## WORK ITEM
Exactly as written, write out the lines below from the first to the one containing "Рэпер Канье Уэст", inclusive. Pictures do not belong in the copy.

## DATA RECORDS
BEGIN

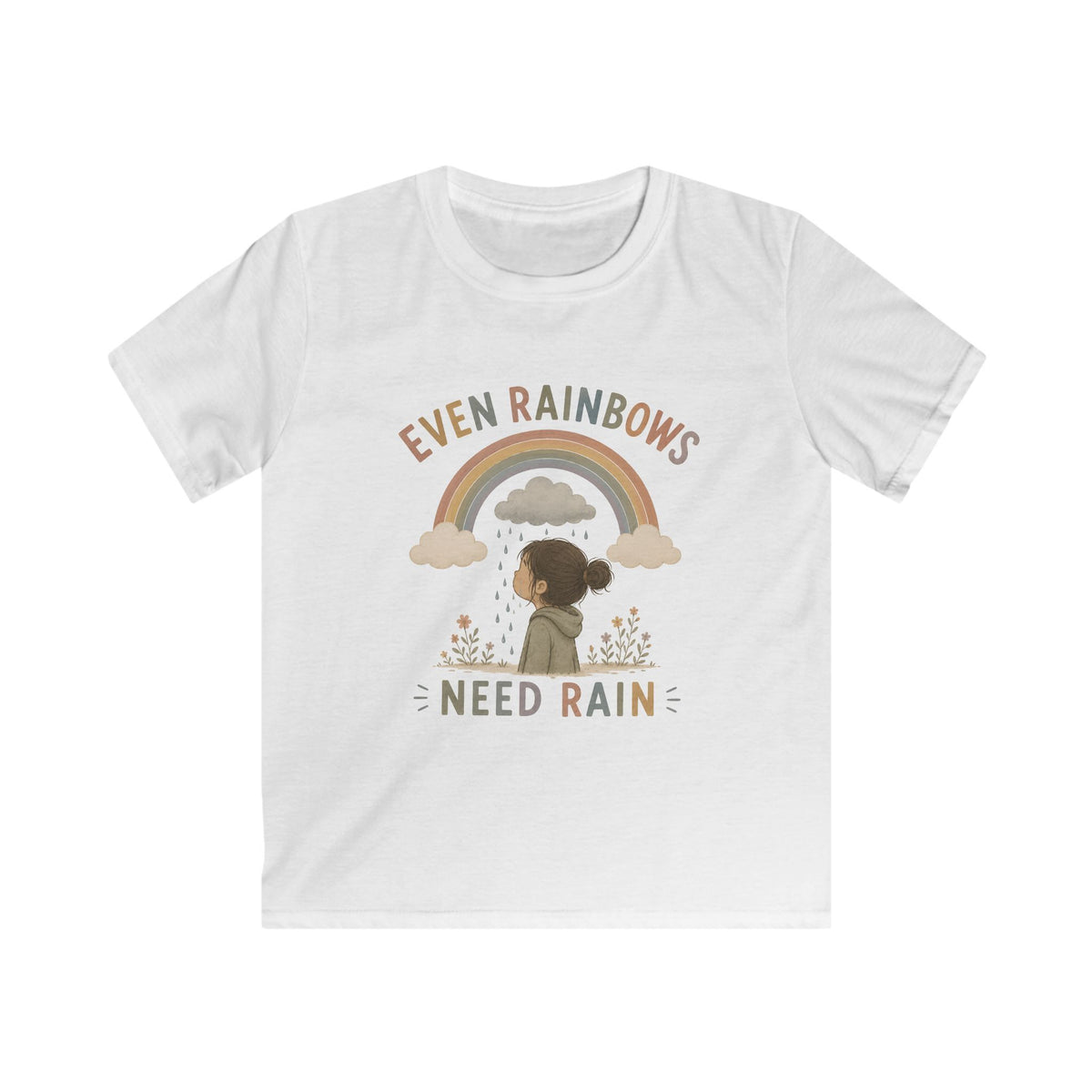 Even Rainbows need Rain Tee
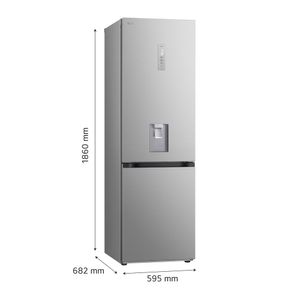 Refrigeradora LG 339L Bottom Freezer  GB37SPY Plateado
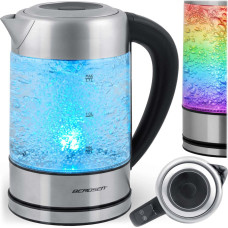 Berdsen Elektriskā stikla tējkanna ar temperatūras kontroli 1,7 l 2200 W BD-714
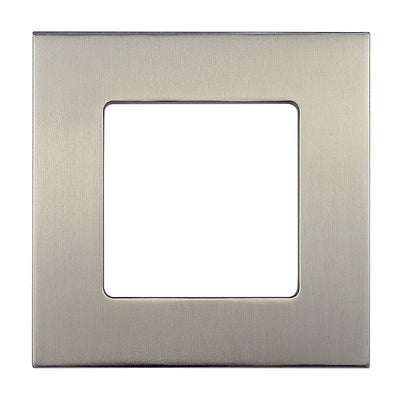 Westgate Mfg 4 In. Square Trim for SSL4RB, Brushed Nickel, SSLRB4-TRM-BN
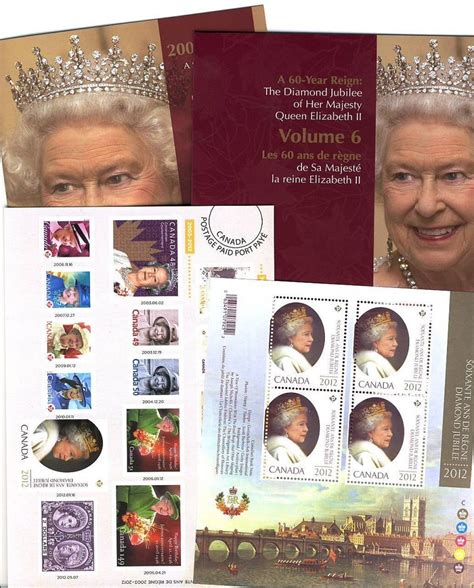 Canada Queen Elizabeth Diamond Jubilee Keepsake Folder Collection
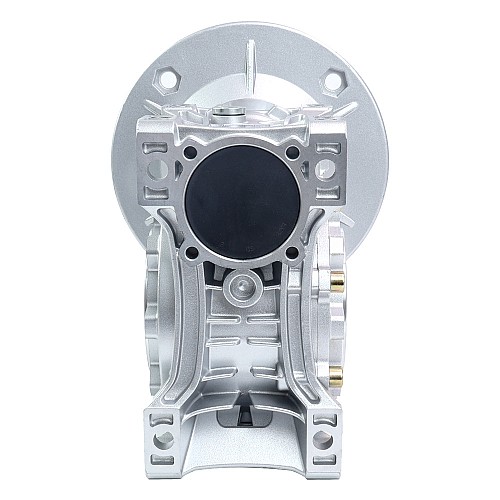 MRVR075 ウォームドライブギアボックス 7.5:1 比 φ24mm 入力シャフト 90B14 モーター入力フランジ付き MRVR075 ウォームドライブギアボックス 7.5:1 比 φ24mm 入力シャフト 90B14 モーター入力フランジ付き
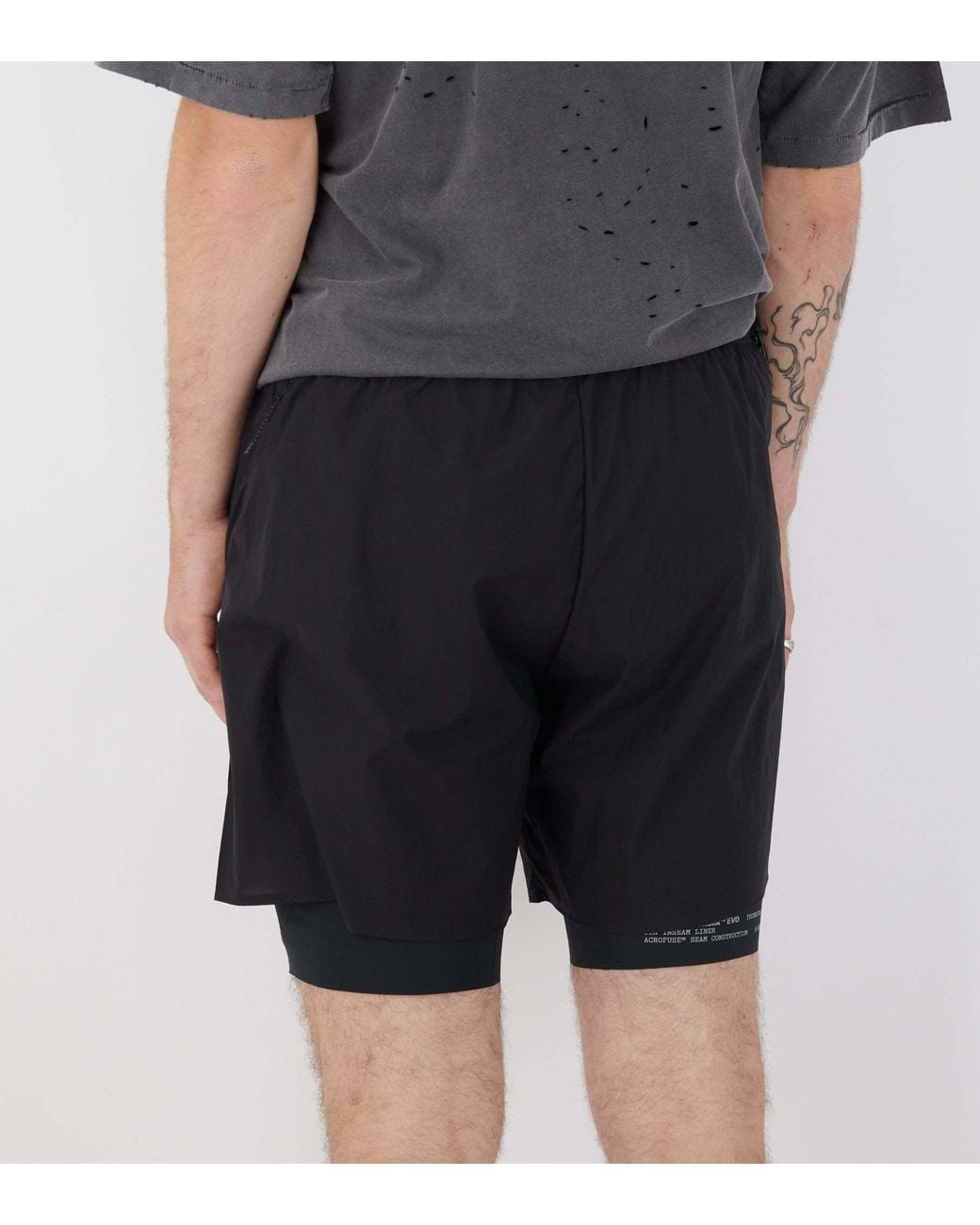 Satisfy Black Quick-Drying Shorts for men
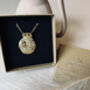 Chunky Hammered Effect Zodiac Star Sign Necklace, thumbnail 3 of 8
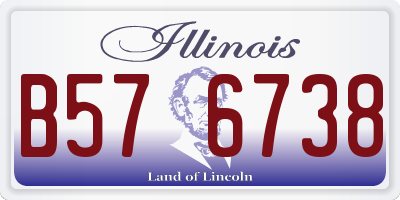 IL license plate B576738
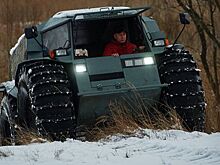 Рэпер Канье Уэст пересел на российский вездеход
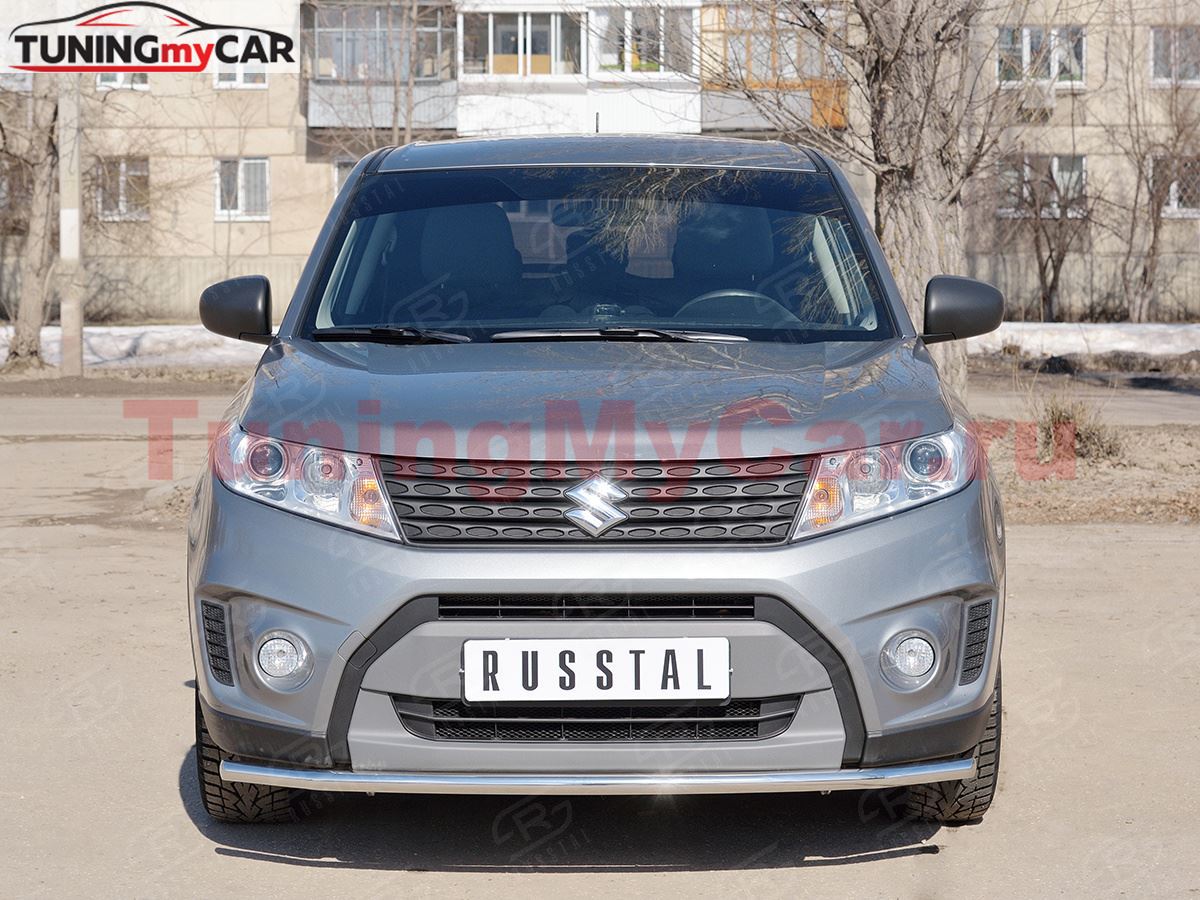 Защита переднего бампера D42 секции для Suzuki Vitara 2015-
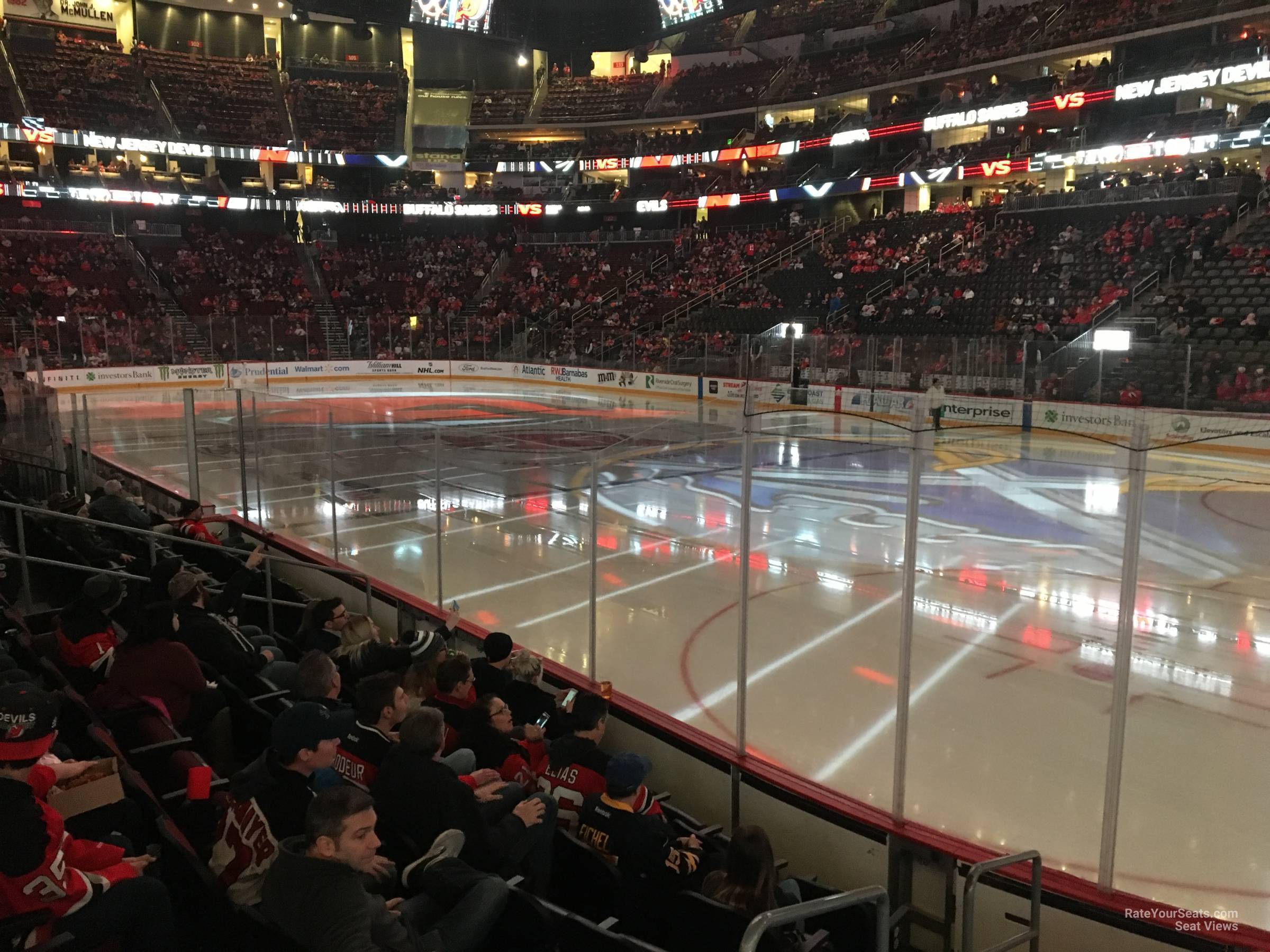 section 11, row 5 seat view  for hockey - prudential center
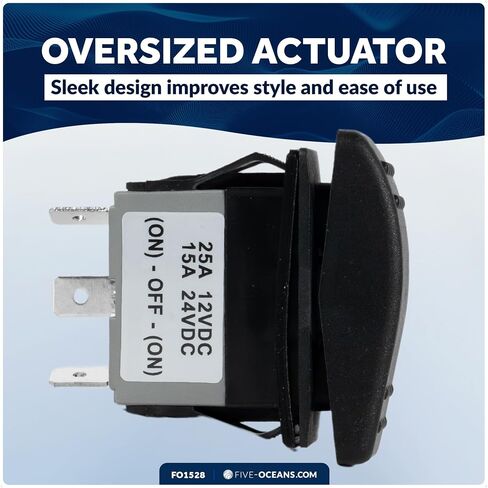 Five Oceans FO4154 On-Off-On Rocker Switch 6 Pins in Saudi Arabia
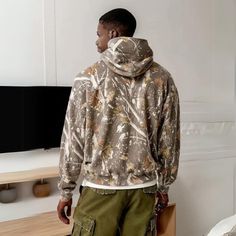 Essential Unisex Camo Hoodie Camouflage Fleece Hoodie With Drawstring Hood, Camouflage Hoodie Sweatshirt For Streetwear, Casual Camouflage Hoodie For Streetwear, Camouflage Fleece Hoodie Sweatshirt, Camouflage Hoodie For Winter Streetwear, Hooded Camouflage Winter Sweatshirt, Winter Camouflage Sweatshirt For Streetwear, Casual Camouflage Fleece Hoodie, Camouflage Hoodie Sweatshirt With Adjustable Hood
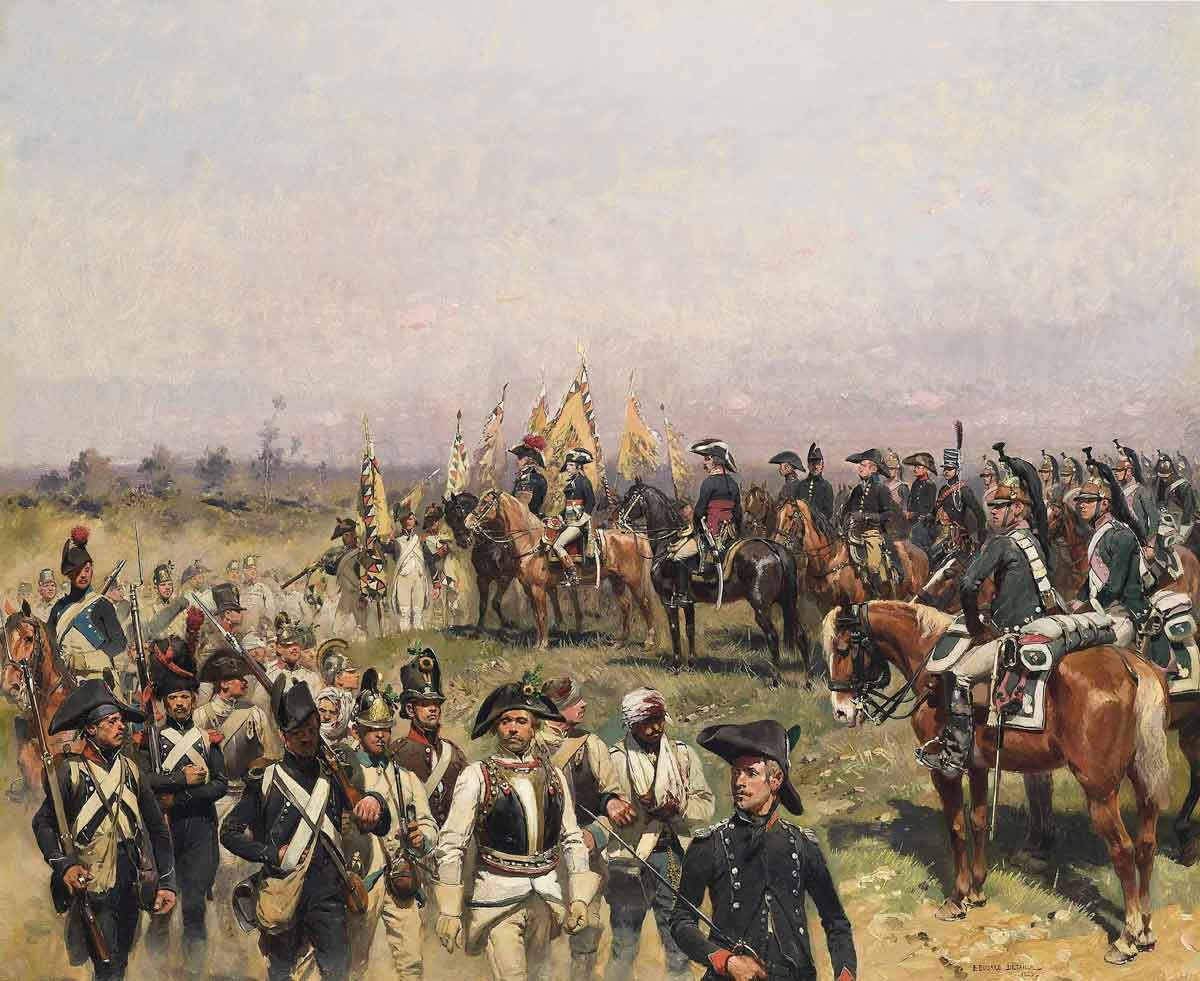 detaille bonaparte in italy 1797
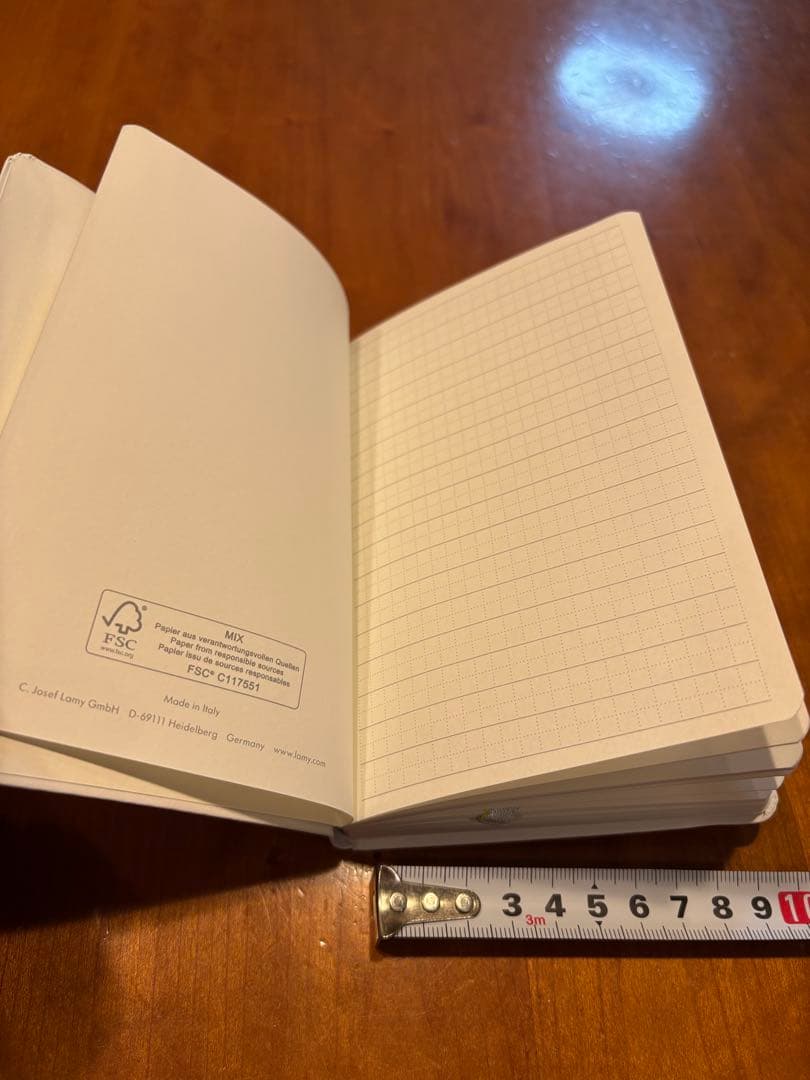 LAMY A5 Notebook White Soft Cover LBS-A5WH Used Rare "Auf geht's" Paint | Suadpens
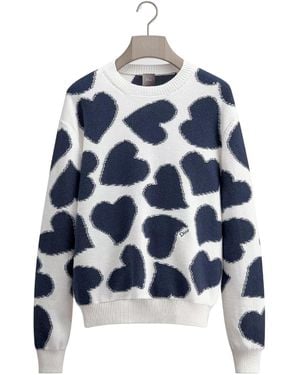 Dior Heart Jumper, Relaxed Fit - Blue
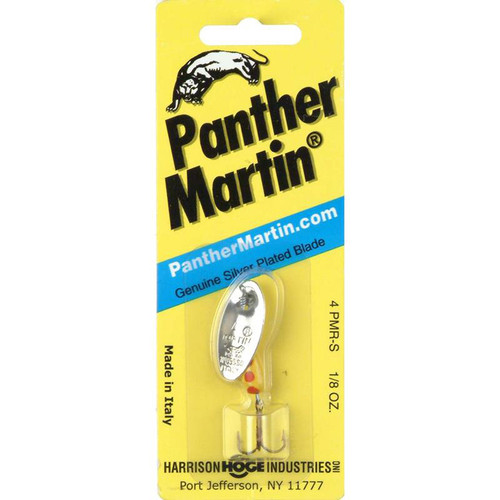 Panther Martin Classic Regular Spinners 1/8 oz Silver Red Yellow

END

## SOLUTION
 Even Rainbows need Rain Tee
 Refrigeradora LG 339L Bottom Freezer  GB37SPY Plateado
 Berdsen Elektriskā stikla tējkanna ar temperatūras kontroli 1,7 l 2200 W BD-714
 Westgate Mfg 4 In. Square Trim for SSL4RB, Brushed Nickel, SSLRB4-TRM-BN
 Canada Queen Elizabeth Diamond Jubilee Keepsake Folder Collection
 MRVR075 ウォームドライブギアボックス 7.5:1 比 φ24mm 入力シャフト 90B14 モーター入力フランジ付き MRVR075 ウォームドライブギアボックス 7.5:1 比 φ24mm 入力シャフト 90B14 モーター入力フランジ付き
 Satisfy Black Quick-Drying Shorts for men
 Chunky Hammered Effect Zodiac Star Sign Necklace, thumbnail 3 of 8
 IL license plate B576738
 Рэпер Канье Уэст пересел на российский вездеход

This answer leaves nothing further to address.